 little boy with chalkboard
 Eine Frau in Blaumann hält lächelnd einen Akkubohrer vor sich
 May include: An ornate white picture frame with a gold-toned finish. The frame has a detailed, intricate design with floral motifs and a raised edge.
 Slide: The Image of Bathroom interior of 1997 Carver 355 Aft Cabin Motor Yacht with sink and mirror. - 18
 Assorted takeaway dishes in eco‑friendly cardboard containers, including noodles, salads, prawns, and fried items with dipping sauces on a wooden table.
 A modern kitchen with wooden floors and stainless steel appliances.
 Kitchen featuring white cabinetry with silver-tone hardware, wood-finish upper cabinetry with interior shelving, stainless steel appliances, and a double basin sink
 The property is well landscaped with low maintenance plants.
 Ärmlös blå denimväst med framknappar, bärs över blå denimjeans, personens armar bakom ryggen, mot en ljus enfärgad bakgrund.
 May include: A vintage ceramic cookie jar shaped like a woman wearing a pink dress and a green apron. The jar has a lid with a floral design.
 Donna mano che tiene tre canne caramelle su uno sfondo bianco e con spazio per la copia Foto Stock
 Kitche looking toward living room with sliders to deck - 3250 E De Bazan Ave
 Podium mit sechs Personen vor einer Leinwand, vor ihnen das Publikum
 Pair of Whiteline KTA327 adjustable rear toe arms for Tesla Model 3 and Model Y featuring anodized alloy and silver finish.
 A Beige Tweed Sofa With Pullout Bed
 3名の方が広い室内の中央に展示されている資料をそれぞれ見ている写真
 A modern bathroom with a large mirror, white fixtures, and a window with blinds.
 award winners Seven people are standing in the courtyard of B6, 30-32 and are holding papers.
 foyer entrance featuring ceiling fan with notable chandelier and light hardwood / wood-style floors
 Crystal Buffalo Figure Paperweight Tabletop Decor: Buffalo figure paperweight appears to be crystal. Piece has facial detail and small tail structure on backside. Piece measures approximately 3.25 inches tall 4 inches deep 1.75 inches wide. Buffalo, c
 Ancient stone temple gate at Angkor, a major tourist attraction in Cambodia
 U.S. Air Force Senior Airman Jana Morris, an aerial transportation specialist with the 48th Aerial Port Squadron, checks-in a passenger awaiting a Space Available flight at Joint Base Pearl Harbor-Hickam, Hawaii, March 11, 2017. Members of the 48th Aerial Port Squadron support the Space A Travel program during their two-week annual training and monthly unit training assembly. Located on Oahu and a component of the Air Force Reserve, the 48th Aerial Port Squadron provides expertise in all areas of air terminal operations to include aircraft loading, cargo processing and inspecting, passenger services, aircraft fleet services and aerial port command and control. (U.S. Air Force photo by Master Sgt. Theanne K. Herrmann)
┄┄┄┄┄┄
## TASK STATEMENT
Please copy, exactly as written, every line in the listing above from the line with "May include: A vintage" up to and including the line with "Kitche looking toward".

## ANSWER SPACE
 May include: A vintage ceramic cookie jar shaped like a woman wearing a pink dress and a green apron. The jar has a lid with a floral design.
 Donna mano che tiene tre canne caramelle su uno sfondo bianco e con spazio per la copia Foto Stock
 Kitche looking toward living room with sliders to deck - 3250 E De Bazan Ave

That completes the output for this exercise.